** Records for the task follows **
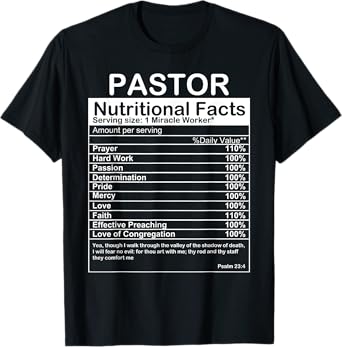 Funny Pastor Appreciation Gift For Men Women Cool Preacher T-Shirt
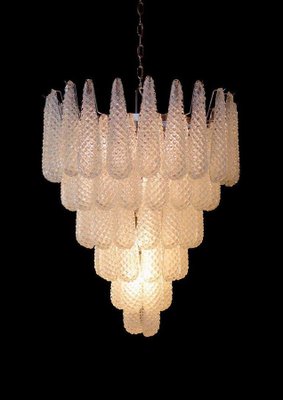 Large Italian Murano Chandeliers, 1970s, Set of 2-MBH-1031888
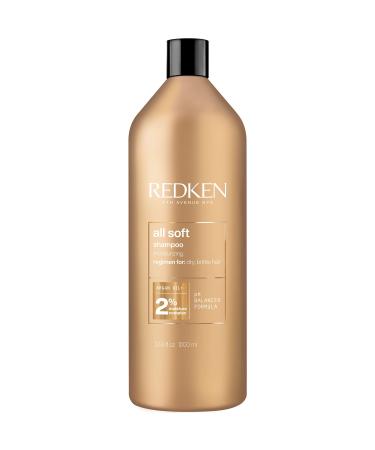 Redken All Soft Shampoo | For Dry/Brittle Hair | Provides Intense Softness and Shine | With Argan Oil 33.8 Fl Oz (Pack of 1)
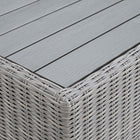 Modway Conway 32" Outdoor Patio Wicker Rattan Coffee Table - Light Grey-7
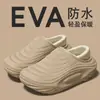 Pantuflas de Algodón Impermeables para Hombre Estilo Nuevo 2026 Otoño Invierno Uso en Casa Más Terciopelo Cálido Antideslizantes Suela Gruesa Para Exteriores Pantuflas de Algodón Hombre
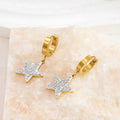 Temperament Love Heart Dangle Pearl Earrings Fashion Elegant Jewelry White Shell Shiny Crystal Triangle Eye Drop Earrings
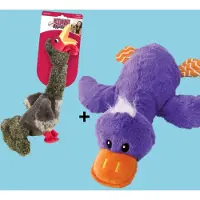 Kong shakers honkers kalkoen en shakers honkers eend 42x24,5x19 cm en 45,5x15,5x18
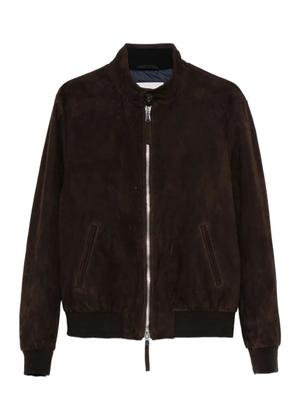 THE JACK LEATHERS suede jacket - Brown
** End of Records for the task **
Work task: When you reach the line with "Kong shakers honkers" in the entries above, start copying, and go on word for word to the last line; skip any picture.

Response to this exercise:
 Kong shakers honkers kalkoen en shakers honkers eend 42x24,5x19 cm en 45,5x15,5x18
 THE JACK LEATHERS suede jacket - Brown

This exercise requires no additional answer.